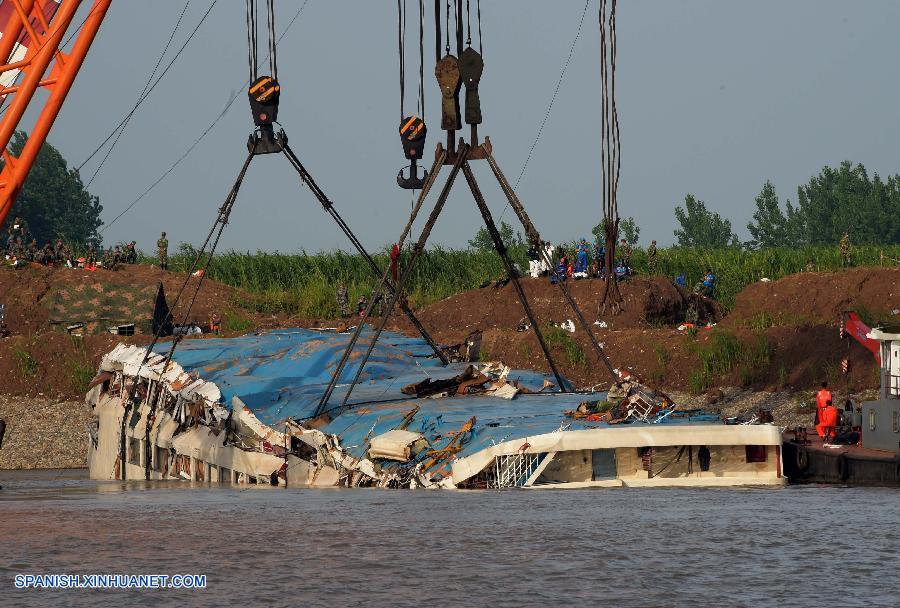 Los equipos de rescate están sacando del agua el crucero que volcó en el río Yangtse el lunes por la noche con 456 personas a bordo después de que lo hubieran reflotado hoy viernes por la mañana.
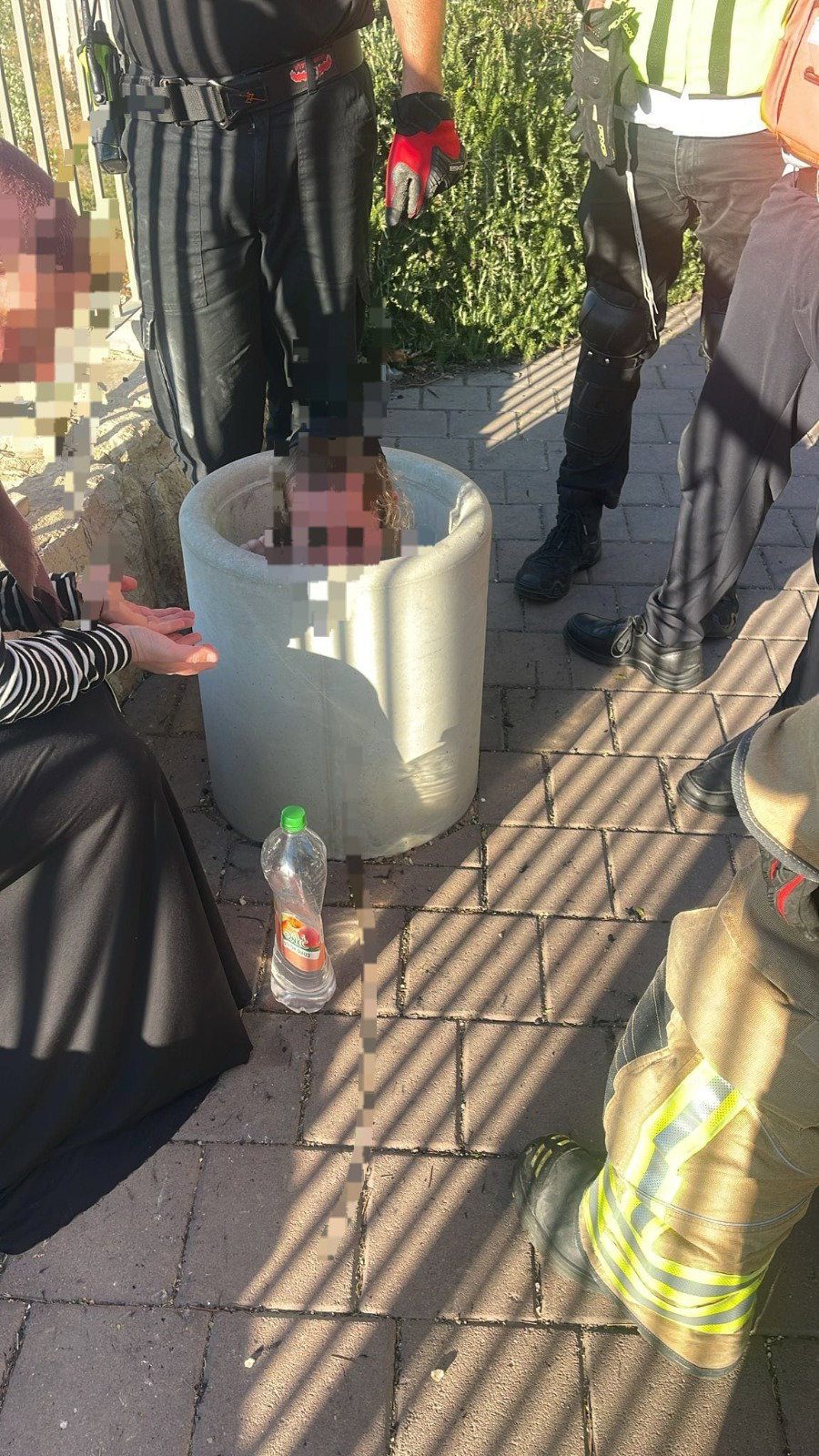 הילד לכוד בתוך פח הבטון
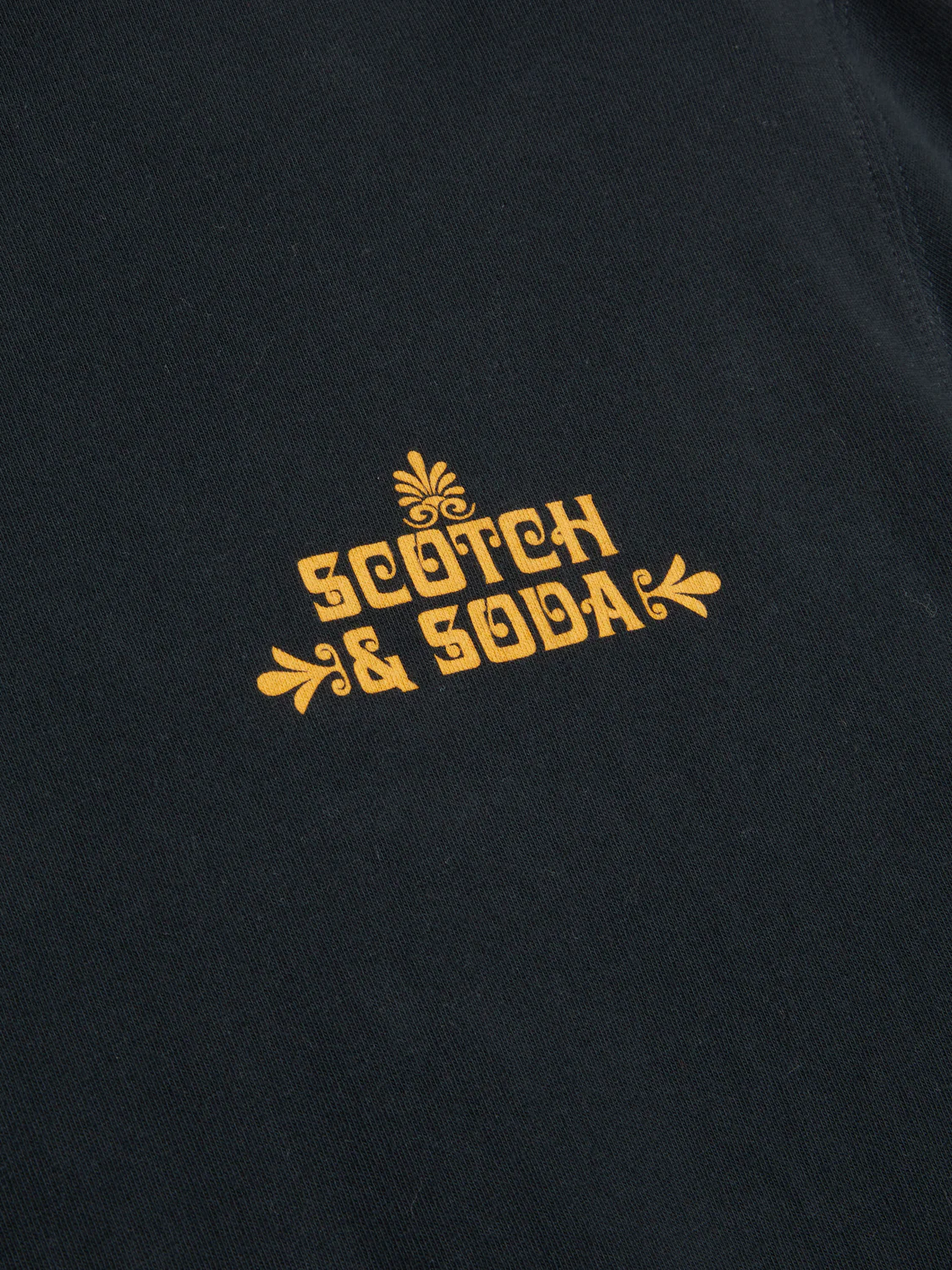 RELAXED FIT SS GRAPHIC TEE - Image 2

Work instruction: Restate the listing word for word and drop the pictures.

Written answer:
 Los equipos de rescate están sacando del agua el crucero que volcó en el río Yangtse el lunes por la noche con 456 personas a bordo después de que lo hubieran reflotado hoy viernes por la mañana.
 הילד לכוד בתוך פח הבטון
 RELAXED FIT SS GRAPHIC TEE - Image 2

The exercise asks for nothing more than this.